* _Exercise_: Give back the exact lines of the material below from the one containing "Dutton Ranch Sunset" through the one containing "Imagem de Mala", and no pictures.

==================================================

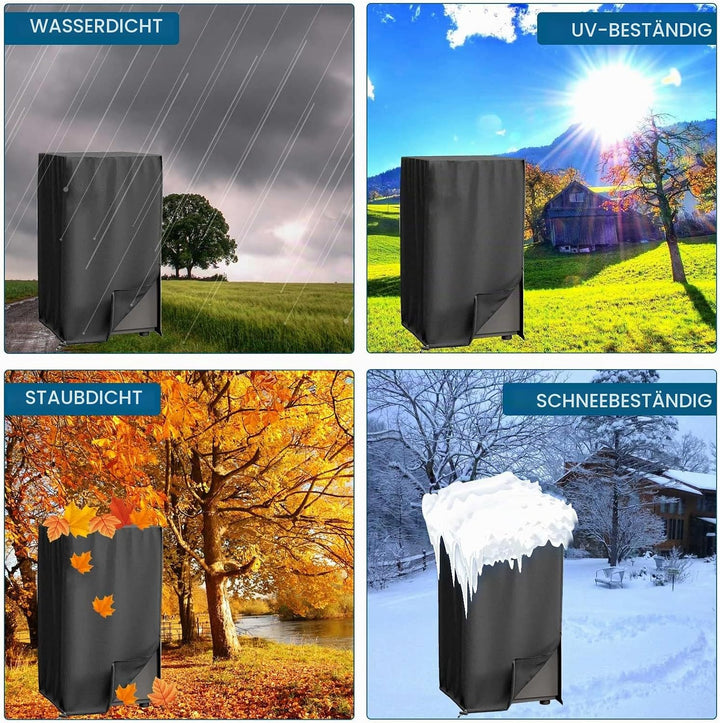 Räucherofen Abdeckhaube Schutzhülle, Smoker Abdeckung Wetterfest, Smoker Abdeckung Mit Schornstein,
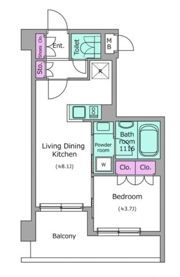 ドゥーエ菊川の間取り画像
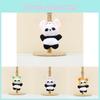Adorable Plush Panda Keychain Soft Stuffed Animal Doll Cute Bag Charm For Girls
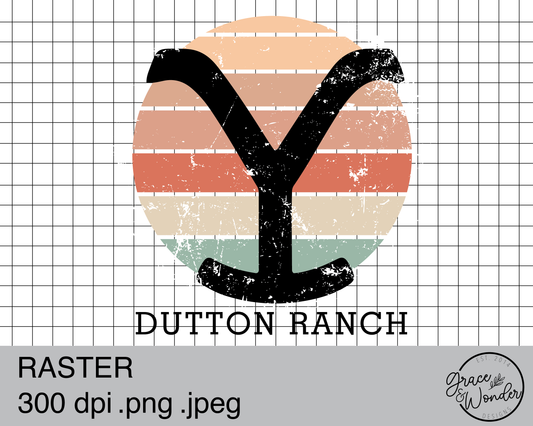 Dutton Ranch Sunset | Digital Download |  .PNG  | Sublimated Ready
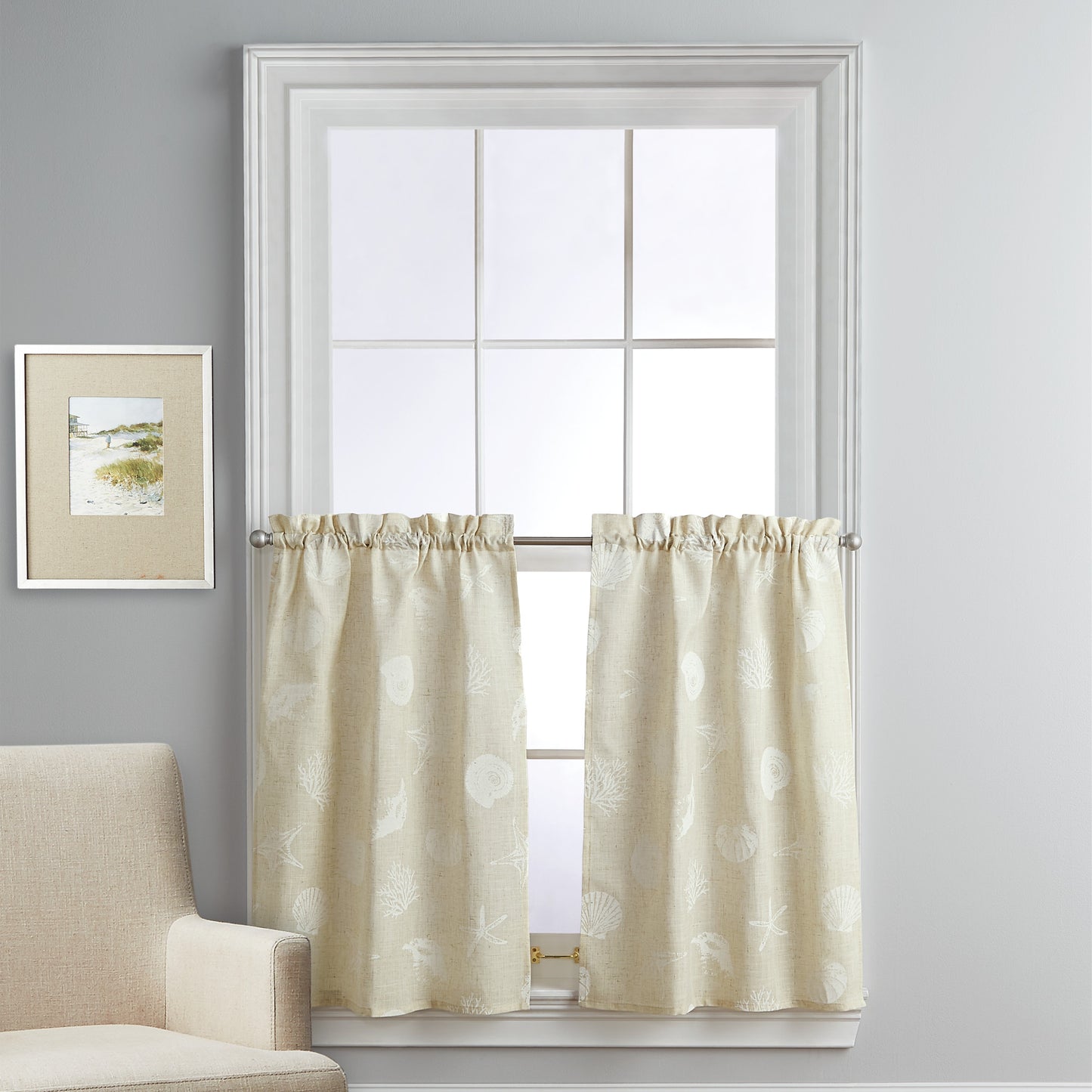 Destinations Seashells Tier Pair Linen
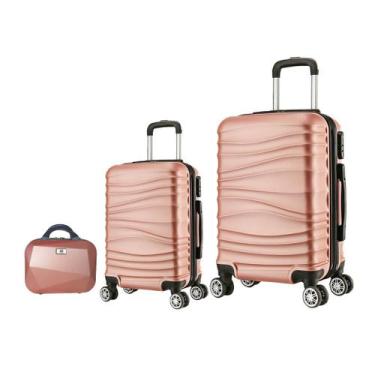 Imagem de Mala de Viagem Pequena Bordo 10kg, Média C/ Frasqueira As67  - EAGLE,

==================================================

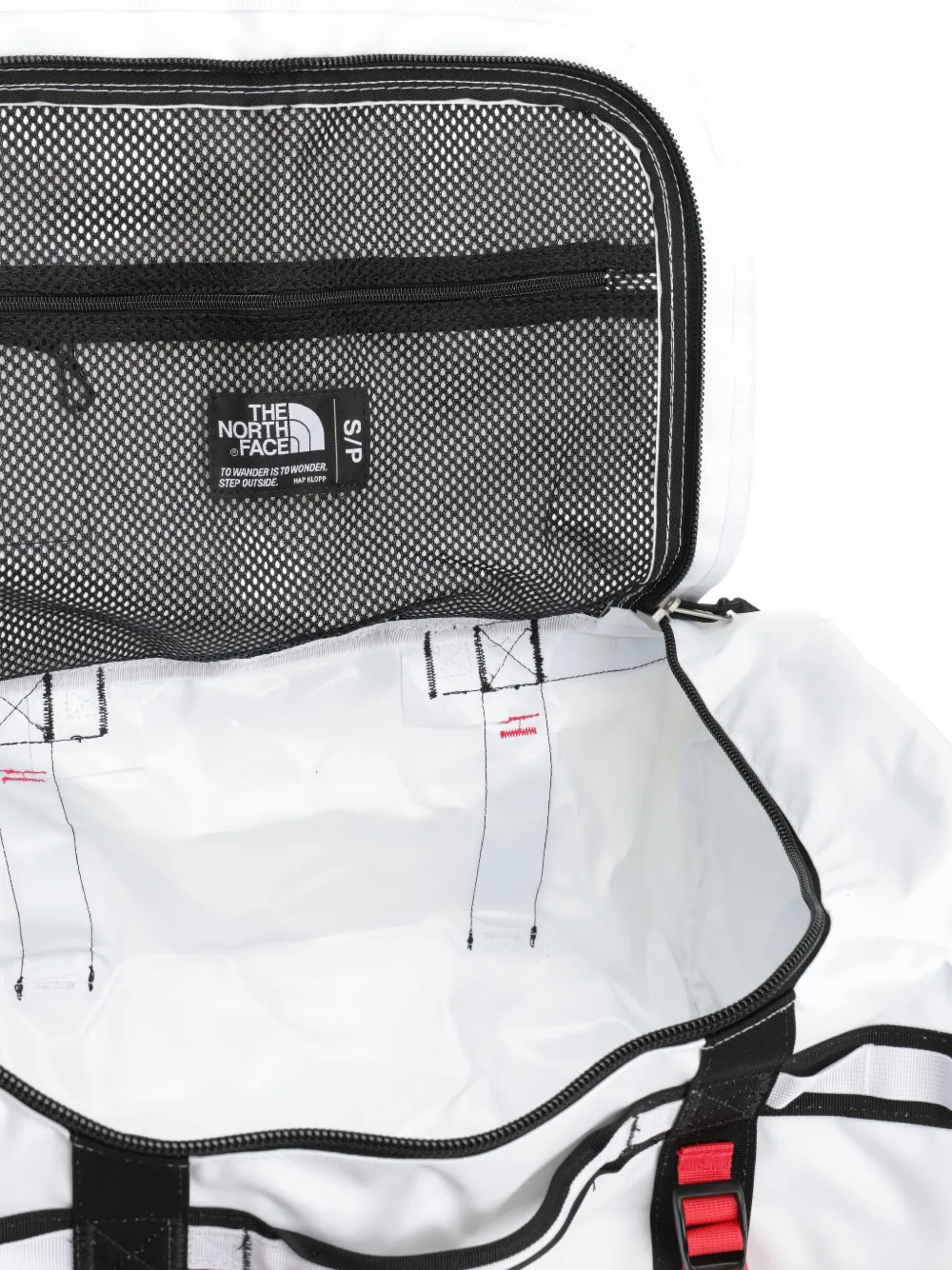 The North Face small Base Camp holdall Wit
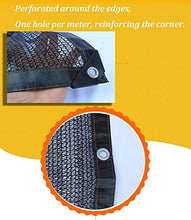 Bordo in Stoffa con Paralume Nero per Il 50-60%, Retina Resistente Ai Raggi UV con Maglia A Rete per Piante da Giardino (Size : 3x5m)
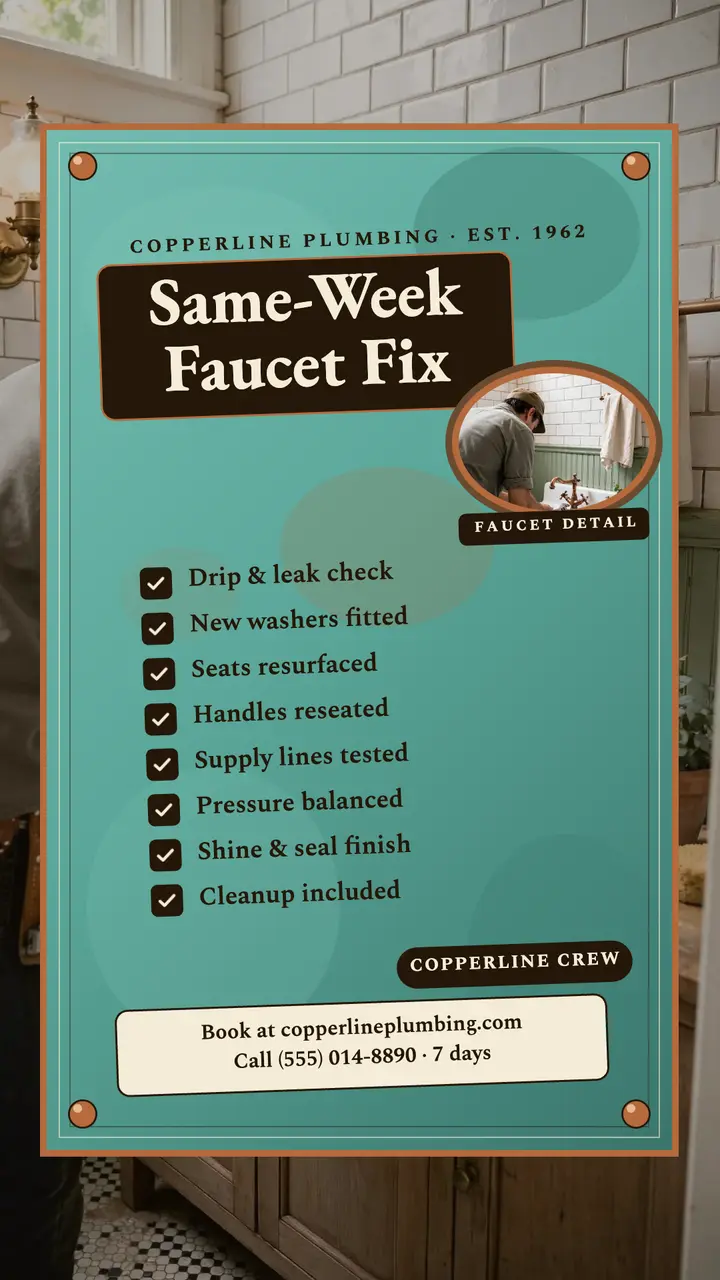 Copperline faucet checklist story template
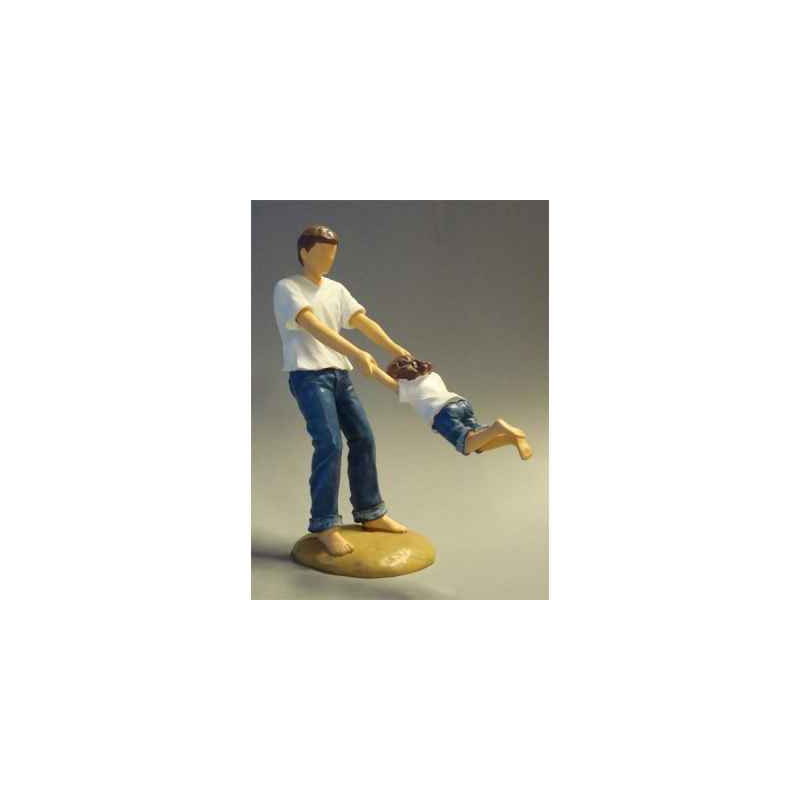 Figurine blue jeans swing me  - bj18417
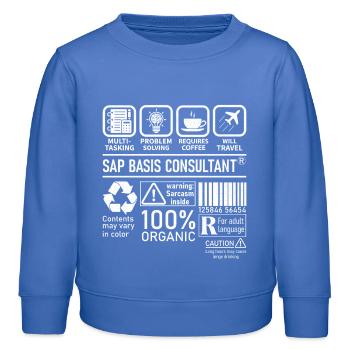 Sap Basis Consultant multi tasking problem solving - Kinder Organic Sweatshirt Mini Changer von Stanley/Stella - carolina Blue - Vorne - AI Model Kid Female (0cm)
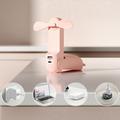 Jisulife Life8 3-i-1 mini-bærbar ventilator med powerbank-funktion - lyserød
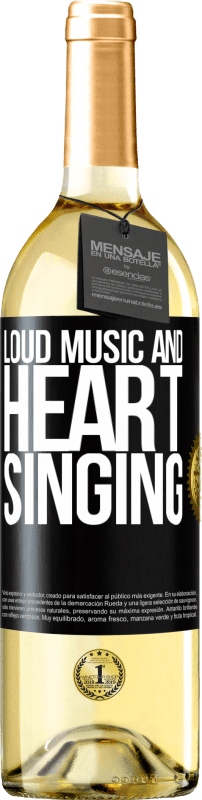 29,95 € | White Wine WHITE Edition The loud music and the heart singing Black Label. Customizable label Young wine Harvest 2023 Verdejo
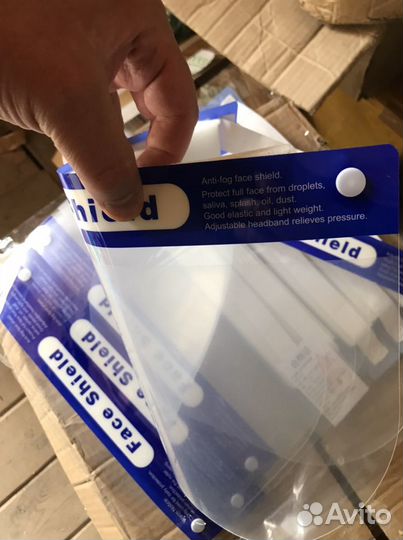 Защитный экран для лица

==================================================

* _Expected answer_:
 Dutton Ranch Sunset | Digital Download |  .PNG  | Sublimated Ready
 Destinations Seashells Tier Pair Linen
 Imagem de Mala de Viagem Pequena Bordo 10kg, Média C/ Frasqueira As67  - EAGLE,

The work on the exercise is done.